● ACTION ITEM
The expected output is every record below, transcribed exactly, with the pictures left out.

● Short web captions
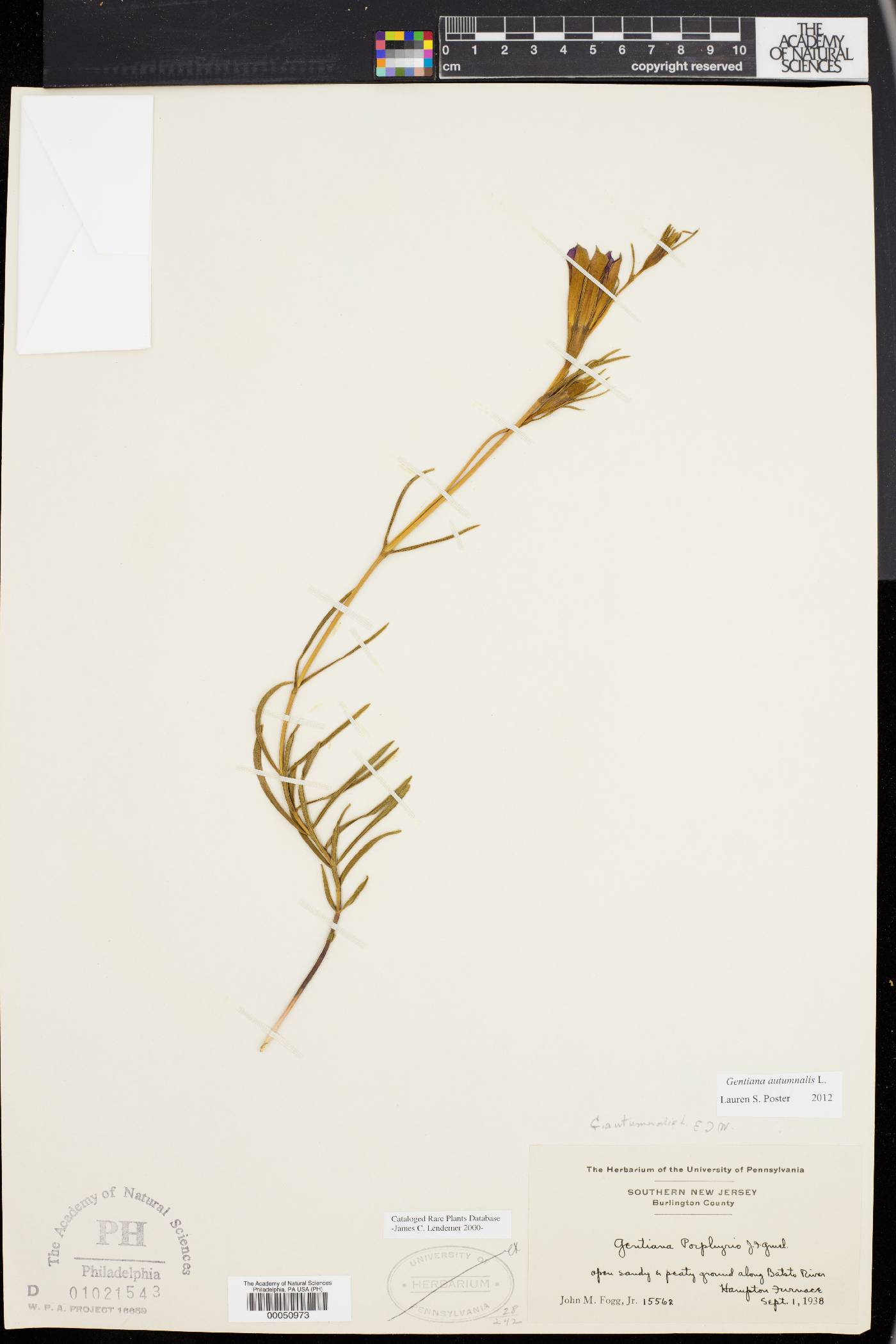 Gentiana autumnalis image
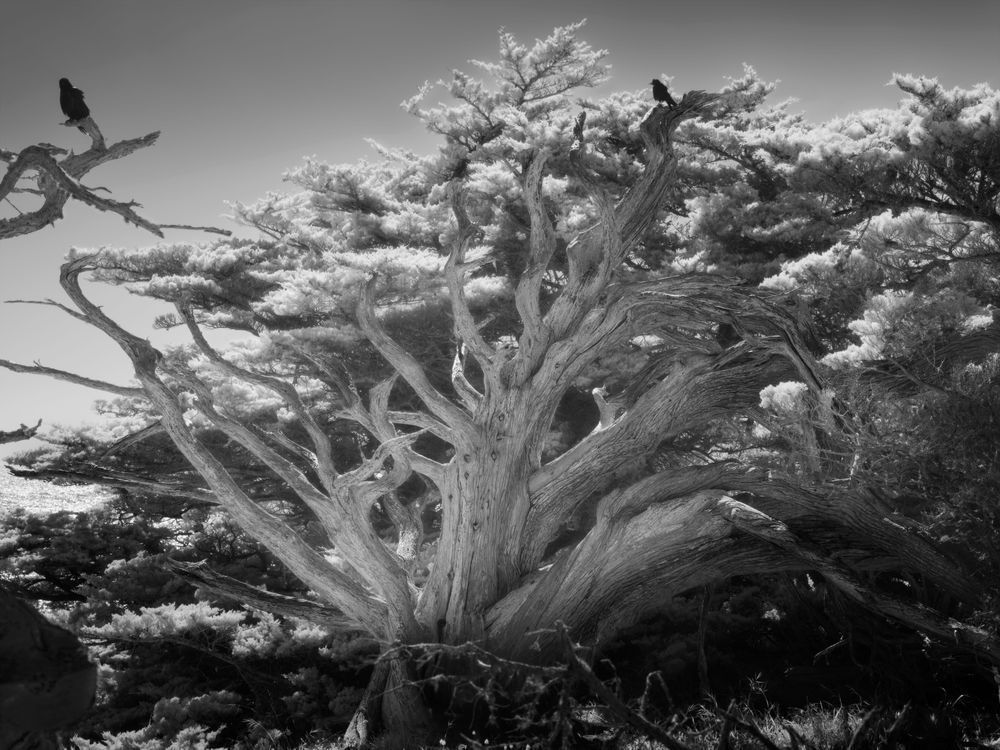Point Lobos Old and New — Infrared B&W Photograph Print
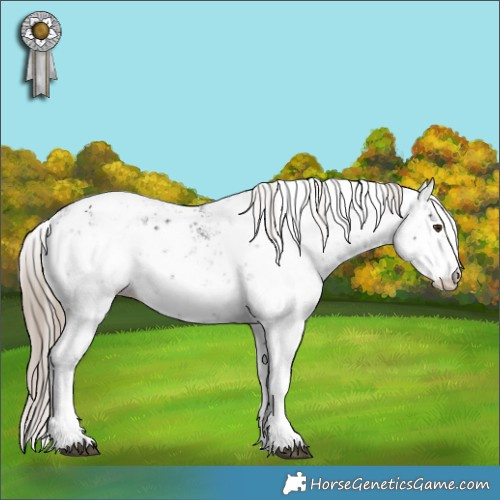 Horse Color:Liver Chestnut Sabino Appaloosa 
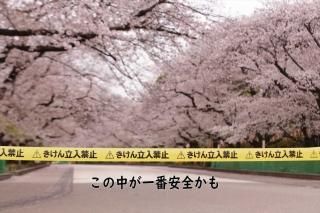 <img class='new_mark_img1' src='https://img.shop-pro.jp/img/new/icons1.gif' style='border:none;display:inline;margin:0px;padding:0px;width:auto;' />ݥȥɡ֤ۡ椬ְפΩػߤκʤս񡡥ϥphoto by MIRO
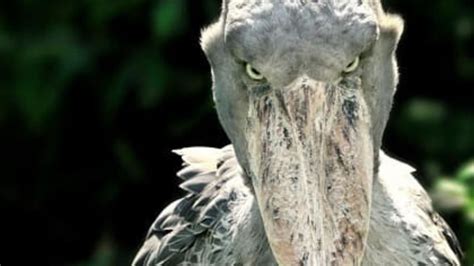 ‘im Scared Photos Of Critically Endangered Shoebill Stork Terrifies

● EXERCISE OUTPUT
 Gentiana autumnalis image
Point Lobos Old and New — Infrared B&W Photograph Print
 Horse Color:Liver Chestnut Sabino Appaloosa 
 <img class='new_mark_img1' src='https://img.shop-pro.jp/img/new/icons1.gif' style='border:none;display:inline;margin:0px;padding:0px;width:auto;' />ݥȥɡ֤ۡ椬ְפΩػߤκʤս񡡥ϥphoto by MIRO
 ‘im Scared Photos Of Critically Endangered Shoebill Stork Terrifies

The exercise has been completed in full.